Democrat Patrick Murphy has made campaign finance reform one of his key issues in his bid for U.S. Senate, notably saying this year he "hates" super PACs.
Yet, on Friday morning, Murphy's campaign sent out a fundraising email heralding it as "great news" that the Jupiter congressman was getting a "major boost" from one of those very same political funding sources he wants to dismantle if elected to the Senate.
The email references outside help Murphy's campaign is getting in the home-stretch from the Senate Majority PAC. The national Democratic super PAC announced Thursday it'd be giving at least $1 million to another super PAC dedicated to boosting Murphy's prospects against Republican incumbent Sen. Marco Rubio.
"This is fantastic for our race," Murphy's fundraising email said.
Murphy has said repeatedly that he wants to reverse the Supreme Court's Citizens United ruling that paved the way for super PACs as well as dark-money groups, which don't have to disclose their donors.
Both Murphy and Rubio have benefited greatly from those funding sources during their past and present campaigns.

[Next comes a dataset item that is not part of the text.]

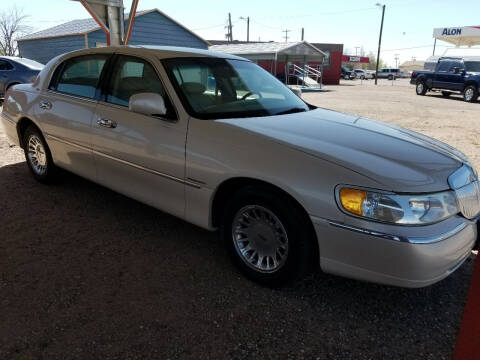 2002 Lincoln Town Car for sale at QUALITY MOTOR COMPANY in Portales NM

But of the two, only Murphy champions getting rid of super PACs even as he embraces the benefits of them -- a position that has sparked accusations of hypocrisy from Murphy's critics. (Rubio supports Citizens United.)
For example, despite abhorring special interest money in politics, Murphy has voiced gratitude for his wealthy father pouring nearly $3 million so far this cycle into super PACs -- including the Senate Majority PAC -- that have supported Murphy's Senate campaign.
When asked why Murphy was touting the "major boost" he's getting from the type of political group he wants to get rid of, Murphy's campaign spokeswoman Galia Slayen said in an email to the Herald/Times: "Like every other Senate candidate, Patrick has to play by the rules as they are, not as he wants them to be. To do otherwise would be absurd."
"Patrick has a message of showing up and working hard for Florida and he is appreciative of support that helps get that message out," Slayen said.